## TASK STATEMENT
Find the word "wooden" in the data, then copy each line where it is found.

## LISTED ENTRIES
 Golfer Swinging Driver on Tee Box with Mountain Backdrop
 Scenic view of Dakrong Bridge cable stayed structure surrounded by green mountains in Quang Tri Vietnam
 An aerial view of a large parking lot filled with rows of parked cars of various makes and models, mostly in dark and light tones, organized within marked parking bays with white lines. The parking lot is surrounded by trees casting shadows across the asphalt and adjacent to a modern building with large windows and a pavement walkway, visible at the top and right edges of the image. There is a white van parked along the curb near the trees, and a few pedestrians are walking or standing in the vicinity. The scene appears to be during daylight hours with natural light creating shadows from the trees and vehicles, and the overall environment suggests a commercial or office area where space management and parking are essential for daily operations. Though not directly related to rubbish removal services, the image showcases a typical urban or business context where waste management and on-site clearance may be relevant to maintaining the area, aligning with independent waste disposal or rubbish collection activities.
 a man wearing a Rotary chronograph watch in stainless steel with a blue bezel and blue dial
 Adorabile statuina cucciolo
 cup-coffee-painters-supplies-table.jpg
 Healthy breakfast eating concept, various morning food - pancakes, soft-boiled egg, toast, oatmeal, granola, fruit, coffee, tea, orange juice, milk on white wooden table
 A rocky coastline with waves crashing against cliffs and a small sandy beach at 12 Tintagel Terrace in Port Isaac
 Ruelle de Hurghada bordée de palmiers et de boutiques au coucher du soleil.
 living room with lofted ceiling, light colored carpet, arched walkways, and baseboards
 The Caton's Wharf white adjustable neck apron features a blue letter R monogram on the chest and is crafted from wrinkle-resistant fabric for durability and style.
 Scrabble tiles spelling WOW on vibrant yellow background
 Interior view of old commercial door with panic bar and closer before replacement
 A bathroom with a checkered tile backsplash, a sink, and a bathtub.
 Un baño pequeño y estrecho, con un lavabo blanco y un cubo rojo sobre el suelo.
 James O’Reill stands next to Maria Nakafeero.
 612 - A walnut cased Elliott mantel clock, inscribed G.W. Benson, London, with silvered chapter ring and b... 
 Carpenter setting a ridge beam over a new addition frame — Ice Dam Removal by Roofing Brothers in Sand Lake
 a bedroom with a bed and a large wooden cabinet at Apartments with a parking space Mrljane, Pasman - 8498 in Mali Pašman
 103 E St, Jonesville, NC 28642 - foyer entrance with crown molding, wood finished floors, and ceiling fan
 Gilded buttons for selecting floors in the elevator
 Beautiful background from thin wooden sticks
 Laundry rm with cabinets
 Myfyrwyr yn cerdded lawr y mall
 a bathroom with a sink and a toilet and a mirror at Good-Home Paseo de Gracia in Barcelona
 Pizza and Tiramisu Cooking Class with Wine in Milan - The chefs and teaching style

## TASK OUTPUT
 Healthy breakfast eating concept, various morning food - pancakes, soft-boiled egg, toast, oatmeal, granola, fruit, coffee, tea, orange juice, milk on white wooden table
 a bedroom with a bed and a large wooden cabinet at Apartments with a parking space Mrljane, Pasman - 8498 in Mali Pašman
 Beautiful background from thin wooden sticks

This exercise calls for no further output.